Run rate from 2015-02-01 00:00:00 to 2015-03-01 00:00:00
CHOCOLATE
{'end_count': 1661,
 'flavor': 'CHOCOLATE',
 'run_rate': 1421,
 'start_count': 240}
VANILLA
{'end_count': 3110, 'flavor': 'VANILLA', 'run_rate': 2647, 'start_count': 463}
STRAWBERRY
{'end_count': 1587,
 'flavor': 'STRAWBERRY',
 'run_rate': 1345,
 'start_count': 242}

We can see that VANILLA has a run rate of 2647, approximately double that of CHOCOLATE and STRAWBERRY.
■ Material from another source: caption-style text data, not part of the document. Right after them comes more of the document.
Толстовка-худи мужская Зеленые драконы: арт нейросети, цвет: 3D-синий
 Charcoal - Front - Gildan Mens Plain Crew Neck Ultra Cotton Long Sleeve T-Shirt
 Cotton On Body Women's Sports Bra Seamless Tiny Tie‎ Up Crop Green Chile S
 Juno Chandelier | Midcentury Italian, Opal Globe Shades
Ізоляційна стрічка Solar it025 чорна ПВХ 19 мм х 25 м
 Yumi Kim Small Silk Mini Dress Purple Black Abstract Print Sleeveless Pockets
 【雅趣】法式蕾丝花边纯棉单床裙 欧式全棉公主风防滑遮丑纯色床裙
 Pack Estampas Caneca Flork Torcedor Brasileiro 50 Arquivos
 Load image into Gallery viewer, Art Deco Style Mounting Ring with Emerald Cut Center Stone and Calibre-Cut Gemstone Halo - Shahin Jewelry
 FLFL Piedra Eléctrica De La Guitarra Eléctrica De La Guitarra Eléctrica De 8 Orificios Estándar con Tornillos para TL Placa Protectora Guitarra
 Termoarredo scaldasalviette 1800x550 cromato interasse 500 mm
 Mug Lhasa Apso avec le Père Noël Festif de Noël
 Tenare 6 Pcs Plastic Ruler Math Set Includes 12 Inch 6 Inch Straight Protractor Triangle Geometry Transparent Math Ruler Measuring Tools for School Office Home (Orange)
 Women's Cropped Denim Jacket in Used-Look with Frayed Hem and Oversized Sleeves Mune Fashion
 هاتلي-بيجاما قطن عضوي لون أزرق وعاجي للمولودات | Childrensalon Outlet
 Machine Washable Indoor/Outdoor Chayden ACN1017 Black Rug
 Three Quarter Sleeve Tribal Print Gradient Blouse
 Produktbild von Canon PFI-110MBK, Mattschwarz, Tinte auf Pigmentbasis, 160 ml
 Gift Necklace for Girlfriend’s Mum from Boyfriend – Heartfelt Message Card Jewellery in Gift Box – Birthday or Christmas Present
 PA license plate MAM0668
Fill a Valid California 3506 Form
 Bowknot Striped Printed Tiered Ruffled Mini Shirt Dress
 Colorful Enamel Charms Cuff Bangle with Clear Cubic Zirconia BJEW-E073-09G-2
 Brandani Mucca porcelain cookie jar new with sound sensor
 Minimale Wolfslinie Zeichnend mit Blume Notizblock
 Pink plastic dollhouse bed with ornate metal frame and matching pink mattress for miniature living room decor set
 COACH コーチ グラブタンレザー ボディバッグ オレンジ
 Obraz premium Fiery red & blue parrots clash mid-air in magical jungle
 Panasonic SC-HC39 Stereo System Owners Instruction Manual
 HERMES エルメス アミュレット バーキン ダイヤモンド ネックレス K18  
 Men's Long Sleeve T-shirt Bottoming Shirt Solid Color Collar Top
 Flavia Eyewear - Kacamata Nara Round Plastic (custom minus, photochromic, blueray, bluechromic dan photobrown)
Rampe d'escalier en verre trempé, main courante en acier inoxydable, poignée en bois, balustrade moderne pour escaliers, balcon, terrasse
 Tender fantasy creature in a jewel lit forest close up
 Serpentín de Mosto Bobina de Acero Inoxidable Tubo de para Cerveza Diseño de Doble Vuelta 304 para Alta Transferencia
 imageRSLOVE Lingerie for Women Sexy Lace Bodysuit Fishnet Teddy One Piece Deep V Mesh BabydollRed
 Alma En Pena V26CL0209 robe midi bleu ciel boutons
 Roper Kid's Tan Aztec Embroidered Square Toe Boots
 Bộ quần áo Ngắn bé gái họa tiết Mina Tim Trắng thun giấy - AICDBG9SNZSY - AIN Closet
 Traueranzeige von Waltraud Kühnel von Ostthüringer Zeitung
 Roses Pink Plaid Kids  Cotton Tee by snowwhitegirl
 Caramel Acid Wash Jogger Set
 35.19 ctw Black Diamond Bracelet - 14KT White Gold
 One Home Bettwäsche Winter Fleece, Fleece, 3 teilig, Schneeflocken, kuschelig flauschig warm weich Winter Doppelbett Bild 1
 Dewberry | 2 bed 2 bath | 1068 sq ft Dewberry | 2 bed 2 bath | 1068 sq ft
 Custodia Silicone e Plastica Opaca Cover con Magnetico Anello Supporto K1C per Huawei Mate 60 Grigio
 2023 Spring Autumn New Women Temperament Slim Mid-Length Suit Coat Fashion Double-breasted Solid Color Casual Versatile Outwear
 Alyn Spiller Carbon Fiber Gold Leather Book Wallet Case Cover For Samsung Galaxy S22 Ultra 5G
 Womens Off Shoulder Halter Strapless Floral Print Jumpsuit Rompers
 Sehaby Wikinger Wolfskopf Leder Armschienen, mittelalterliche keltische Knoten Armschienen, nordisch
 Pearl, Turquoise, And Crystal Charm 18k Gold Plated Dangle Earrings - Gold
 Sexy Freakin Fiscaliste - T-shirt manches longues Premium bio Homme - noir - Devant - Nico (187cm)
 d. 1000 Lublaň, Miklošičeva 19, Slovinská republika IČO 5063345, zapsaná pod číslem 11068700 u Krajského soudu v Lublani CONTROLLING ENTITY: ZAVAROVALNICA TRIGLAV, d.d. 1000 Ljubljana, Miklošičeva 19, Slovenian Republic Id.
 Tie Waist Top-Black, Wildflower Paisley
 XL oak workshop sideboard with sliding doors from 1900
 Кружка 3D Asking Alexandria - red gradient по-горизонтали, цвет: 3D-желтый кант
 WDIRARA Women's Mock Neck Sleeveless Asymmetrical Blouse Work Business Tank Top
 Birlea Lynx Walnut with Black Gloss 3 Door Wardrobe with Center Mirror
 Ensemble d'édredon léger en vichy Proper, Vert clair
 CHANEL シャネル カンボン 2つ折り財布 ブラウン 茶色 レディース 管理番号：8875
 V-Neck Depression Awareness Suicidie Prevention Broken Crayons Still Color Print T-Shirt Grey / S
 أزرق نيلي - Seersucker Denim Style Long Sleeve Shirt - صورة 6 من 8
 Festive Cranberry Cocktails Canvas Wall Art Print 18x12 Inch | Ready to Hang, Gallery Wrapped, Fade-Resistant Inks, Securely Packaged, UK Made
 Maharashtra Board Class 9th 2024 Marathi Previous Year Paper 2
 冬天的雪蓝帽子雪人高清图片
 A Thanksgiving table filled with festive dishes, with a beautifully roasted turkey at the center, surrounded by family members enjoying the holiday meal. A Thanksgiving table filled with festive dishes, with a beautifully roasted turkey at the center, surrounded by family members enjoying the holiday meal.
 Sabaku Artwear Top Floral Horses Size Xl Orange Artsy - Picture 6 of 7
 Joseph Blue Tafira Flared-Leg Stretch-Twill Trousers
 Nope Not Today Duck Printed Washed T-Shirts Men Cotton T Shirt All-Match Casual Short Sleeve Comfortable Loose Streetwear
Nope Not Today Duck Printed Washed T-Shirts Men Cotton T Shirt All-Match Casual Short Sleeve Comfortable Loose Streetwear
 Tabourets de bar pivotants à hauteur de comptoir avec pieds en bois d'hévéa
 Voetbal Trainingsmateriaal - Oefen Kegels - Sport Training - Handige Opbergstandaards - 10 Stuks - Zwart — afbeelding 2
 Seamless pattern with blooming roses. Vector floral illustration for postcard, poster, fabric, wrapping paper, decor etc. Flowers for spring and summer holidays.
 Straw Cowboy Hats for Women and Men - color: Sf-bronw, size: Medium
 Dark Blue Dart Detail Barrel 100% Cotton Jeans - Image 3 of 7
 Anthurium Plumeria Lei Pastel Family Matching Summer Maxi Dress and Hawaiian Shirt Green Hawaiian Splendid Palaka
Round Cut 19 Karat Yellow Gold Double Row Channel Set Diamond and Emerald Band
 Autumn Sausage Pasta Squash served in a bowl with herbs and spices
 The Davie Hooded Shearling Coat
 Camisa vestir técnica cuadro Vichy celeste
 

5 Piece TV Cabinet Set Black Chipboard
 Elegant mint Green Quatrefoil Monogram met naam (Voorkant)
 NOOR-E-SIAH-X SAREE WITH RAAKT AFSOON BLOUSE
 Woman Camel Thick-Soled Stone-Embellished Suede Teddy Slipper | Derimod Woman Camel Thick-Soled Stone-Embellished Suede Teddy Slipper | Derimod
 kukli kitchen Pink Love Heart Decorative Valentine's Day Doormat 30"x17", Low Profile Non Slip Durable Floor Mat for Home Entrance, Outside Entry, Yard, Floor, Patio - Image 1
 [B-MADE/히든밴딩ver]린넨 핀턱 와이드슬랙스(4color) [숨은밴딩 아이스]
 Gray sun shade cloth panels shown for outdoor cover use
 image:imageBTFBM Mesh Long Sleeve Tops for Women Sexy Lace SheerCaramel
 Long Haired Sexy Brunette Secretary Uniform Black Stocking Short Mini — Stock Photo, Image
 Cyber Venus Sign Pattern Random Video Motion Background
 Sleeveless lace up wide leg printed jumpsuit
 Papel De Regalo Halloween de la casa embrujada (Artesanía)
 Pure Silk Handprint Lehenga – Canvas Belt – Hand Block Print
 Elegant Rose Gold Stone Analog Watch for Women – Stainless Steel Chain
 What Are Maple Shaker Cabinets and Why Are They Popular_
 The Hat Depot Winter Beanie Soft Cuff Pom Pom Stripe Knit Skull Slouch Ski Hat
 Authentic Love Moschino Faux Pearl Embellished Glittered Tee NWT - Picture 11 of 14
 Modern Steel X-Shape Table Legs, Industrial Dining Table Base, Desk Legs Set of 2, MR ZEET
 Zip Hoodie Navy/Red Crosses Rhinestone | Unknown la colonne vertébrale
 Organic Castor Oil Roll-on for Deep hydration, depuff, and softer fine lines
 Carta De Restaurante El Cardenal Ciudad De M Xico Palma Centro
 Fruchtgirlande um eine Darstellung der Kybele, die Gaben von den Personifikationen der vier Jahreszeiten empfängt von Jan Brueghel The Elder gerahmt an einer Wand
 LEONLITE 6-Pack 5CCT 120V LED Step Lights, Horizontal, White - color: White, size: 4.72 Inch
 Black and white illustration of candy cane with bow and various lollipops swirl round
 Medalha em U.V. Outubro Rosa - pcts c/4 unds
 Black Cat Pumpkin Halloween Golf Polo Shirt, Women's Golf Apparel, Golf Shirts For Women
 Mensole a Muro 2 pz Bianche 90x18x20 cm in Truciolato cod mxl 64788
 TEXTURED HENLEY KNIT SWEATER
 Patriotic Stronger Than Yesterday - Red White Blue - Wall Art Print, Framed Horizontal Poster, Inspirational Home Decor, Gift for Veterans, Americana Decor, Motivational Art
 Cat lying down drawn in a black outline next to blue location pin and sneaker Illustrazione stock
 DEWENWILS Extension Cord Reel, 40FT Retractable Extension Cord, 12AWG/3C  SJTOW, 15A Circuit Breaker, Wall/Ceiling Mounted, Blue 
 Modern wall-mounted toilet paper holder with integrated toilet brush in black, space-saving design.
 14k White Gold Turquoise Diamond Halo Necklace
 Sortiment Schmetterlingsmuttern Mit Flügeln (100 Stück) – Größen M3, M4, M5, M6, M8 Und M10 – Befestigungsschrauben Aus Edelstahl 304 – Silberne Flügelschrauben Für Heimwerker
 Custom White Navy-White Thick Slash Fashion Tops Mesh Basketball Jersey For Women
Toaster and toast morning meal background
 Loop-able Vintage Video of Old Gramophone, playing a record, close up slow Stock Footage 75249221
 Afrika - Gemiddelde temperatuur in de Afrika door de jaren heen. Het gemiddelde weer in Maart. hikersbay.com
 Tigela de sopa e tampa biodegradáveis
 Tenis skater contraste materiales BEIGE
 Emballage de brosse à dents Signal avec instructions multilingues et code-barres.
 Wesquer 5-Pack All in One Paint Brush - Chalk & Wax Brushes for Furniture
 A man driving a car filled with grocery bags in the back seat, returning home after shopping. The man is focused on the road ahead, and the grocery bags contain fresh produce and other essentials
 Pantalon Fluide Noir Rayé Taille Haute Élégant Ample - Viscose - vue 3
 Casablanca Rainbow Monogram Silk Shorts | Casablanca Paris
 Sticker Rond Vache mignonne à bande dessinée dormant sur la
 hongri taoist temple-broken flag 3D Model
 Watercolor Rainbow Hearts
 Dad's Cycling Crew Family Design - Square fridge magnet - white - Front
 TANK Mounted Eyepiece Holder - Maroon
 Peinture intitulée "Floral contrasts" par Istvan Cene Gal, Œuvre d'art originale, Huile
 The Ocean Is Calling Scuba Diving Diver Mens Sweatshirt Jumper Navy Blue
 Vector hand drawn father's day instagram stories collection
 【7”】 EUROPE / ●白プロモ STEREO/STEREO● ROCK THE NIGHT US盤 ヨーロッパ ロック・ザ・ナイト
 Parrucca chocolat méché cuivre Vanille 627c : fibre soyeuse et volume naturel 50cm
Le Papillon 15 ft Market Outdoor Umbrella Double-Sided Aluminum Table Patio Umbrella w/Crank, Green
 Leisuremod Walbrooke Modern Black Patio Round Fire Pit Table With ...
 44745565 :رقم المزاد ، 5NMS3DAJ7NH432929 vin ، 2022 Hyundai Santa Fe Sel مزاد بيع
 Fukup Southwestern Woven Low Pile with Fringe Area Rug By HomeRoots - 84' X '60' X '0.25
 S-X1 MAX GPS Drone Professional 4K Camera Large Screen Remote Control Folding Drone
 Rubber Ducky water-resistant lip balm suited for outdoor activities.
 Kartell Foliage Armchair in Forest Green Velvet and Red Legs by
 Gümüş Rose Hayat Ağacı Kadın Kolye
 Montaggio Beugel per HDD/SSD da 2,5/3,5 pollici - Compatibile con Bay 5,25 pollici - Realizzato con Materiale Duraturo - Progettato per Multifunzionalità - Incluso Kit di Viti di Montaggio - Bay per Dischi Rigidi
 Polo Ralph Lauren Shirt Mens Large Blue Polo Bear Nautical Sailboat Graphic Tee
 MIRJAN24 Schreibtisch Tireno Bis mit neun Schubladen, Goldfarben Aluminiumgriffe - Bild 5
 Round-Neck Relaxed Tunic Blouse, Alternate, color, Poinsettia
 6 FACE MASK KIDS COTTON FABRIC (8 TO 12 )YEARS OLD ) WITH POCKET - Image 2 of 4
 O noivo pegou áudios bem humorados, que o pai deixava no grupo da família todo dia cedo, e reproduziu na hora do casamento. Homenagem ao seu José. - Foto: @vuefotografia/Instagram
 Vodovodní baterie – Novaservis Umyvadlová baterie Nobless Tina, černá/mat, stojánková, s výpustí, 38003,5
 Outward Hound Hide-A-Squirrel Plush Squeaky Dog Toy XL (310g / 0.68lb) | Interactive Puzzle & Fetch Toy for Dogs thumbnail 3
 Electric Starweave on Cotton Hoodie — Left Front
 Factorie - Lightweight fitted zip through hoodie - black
I know I’m misusing the term run rate. Rate would imply a percentage and all we’re printing is the delta from end to start over the month of February. This is most interesting if you need to purchase supply to stay in front of the growth of widgets. Recall you purchase servers ahead of time to support the number of active widgets, and the type of server you buy is different for VANILLA, CHOCOLATE and STRAWBERRY, and you need 1 server for every 1000 flavors. Based on the output above, you’d need to purchase 3 VANILLA, 2 CHOCOLATE and 2 STRAWBERRY servers. If you plot the monthly run_rate over the course of many months, you’ll see if it’s constant or trending and can make adjustments for the curve. The goal of your capacity management is to purchase servers just in time. You want to never run out of capacity, but don’t want to over purchase either. That’s the basic idea anyway. Obviously this just the tip of the iceberg on concepts needed for full capacity management.

I hope this illustration helped you in some way.

Next up Write unit tests for insert and query programs. I am a big proponent of TDD. Normally, I’d write the unit tests first. I didn’t this time only because the example was about the pattern and I was rushing to make the point. When I have time I’ll come back and add unit tests for the programs above.